Performs a multi-process sliced query for documents in a Pulse Elasticsearch index. Saves the result to format specified by filename extension. Optional flattening of documents is available (use with caution).

from pulse.downloader import download

Required Parameters

  • index: Elasticsearch index

  • query: Elasticsearch query

  • filepath: Output filepath. File extension should match the desired output format. Supported formats include:

    • .jsonl: Fastest to download, suited for large datasets. Lowest memory overhead in downstream processes.
    • .json: Standard, faster to load than .jsonl, but not suitable for datasets that must be loaded into memory at once
    • .pkl: Fastest to load if using result in Python script
    • .csv: When consuming data with Excel or Pandas. Fields are automatically flattened. Recommended to create a separate post-processing script if some fields contain data that can't be flattened automatically.
  • es_hosts: Not required if using ES_URL environment variable. A list of Elasticsearch hosts. Each item should be a fully-qualified URL with authentication if applicable. This overrides values that may exist in configuration. Example:

      https://elastic:password@node1.host.com:9200,https://elastic:password@node2.host.com:9200
    

Options

  • sample_size: Maximum number of results to return (default=20000).
  • fields: A list of fields to return from Elasticsearch. Limiting the amount of fields reduces download time.
  • flatten_doc: Flatten documents. Useful when working with data frames, but has nuances. Use with caution.
  • delimiter: Delimiter to use when flattening fields
  • include_meta_attribs: Only applicable when flattening.
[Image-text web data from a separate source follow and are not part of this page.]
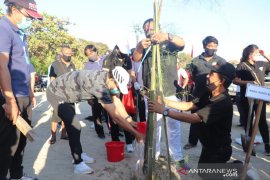 Badung tanam Pohon Cemara Udang untuk kelestarian alam
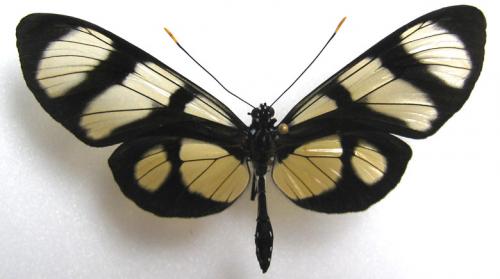 Réf. 6 859 : Methona megisto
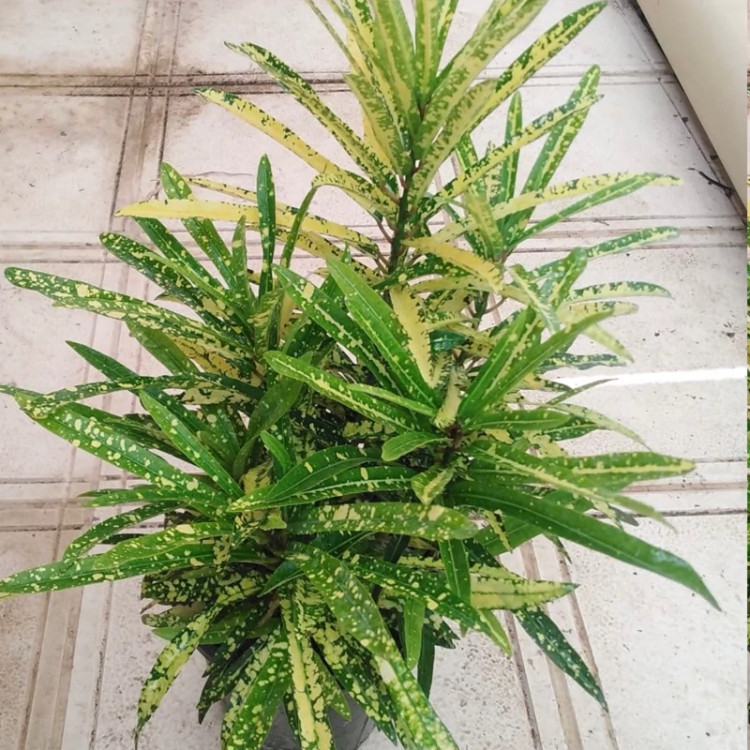 نهال اکوبا کروتن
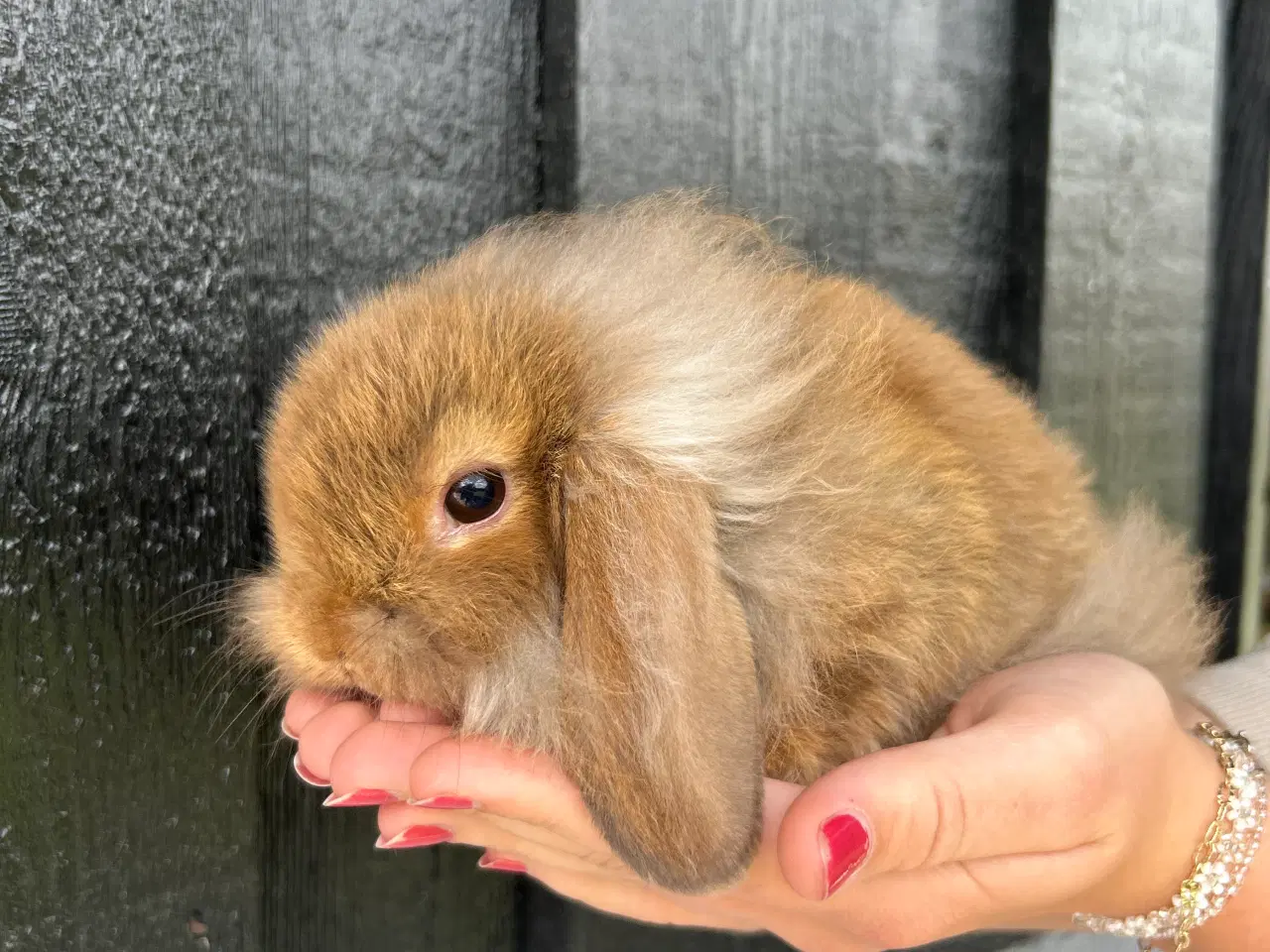 Billede 3 - Mini lops og Lion lops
When false, all meta.*.attribs fields are discarded.
  • no_flatten: A list of fields that should not be flattened
  • query_slice_size: Maximum number of documents per slice (worker)
  • query_concurrency: Maximum number of queries to run concurrently
  • auto_mkdir: Automatically create output directory if it doesn't exist

Example

from pulse.downloader import download

download(
        filepath="data/rohingya.jsonl",
        sample_size=10000,
        query={
            "query": {
                "bool": {
                    "filter": [{
                        "match_phrase": {
                            "norm.body": "Rohingya"
                        }
                    }]
                }
            }
        },
        index='pulse-*',
        es_hosts=[
            "https://user:password@dag1.istresearch.com:9200",
            "https://user:password@dag2.istresearch.com:9200",
        ]
    )

build_query

Builds an Elasticsearch query

from pulse.downloader import build_query

Options:

  • start_date: Date range start (eg. 2020-06-14 or 2020-06-14T12:00**:00.000Z)
  • end_date: Date range end
  • project_id: Project ID
  • campaign_id: Campaign ID
  • where_exists: A list or tuple containing fields that should exist in each document
  • where_not_exists: A list or tuple containing fields that should not exist in each document
  • include_match: A mapping of fields to match queries. Returns documents that match a provided text, number, date or boolean value. The provided text is analyzed before matching. The match query is the standard query for performing a full-text search, including options for fuzzy matching.
  • exclude_match: A mapping of fields to match queries. Filters documents that match a provided text, number, date or boolean value.
  • include_terms: A mapping of fields to term queries. Returns documents that contain an exact term in a provided field.
  • exclude_terms: A mapping of fields to term queries. Filters documents that contain an exact term in a provided field.
  • include_phrase: A mapping of fields to match_phrase queries.The match_phrase query analyzes the text and creates a phrase query out of the analyzed text.
  • exclude_phrase: A mapping of fields to match_phrase queries. Excludes matching documents.
  • doc_type: Pulse document type
  • timestamp_field: Timestamp field to use for start_date and end_date
  • query_string: A prepared query string

Example

from pulse.downloader import build_query, download

query = build_query(
    include_phrase={
       "norm.body": "Rohingya"
    },
)
download(
        filepath="data/rohingya.jsonl",
        sample_size=10000,
        query=query,
        index='pulse-*',
        es_hosts=[
            "https://user:password@dag1.istresearch.com:9200",
            "https://user:password@dag2.istresearch.com:9200",
        ]
    )

Development

To deploy a new version, follow the instructions in deploy.sh. Requires access to deployment credentials in Lastpass.

Project details


Download files

Download the file for your platform. If you're not sure which to choose, learn more about installing packages.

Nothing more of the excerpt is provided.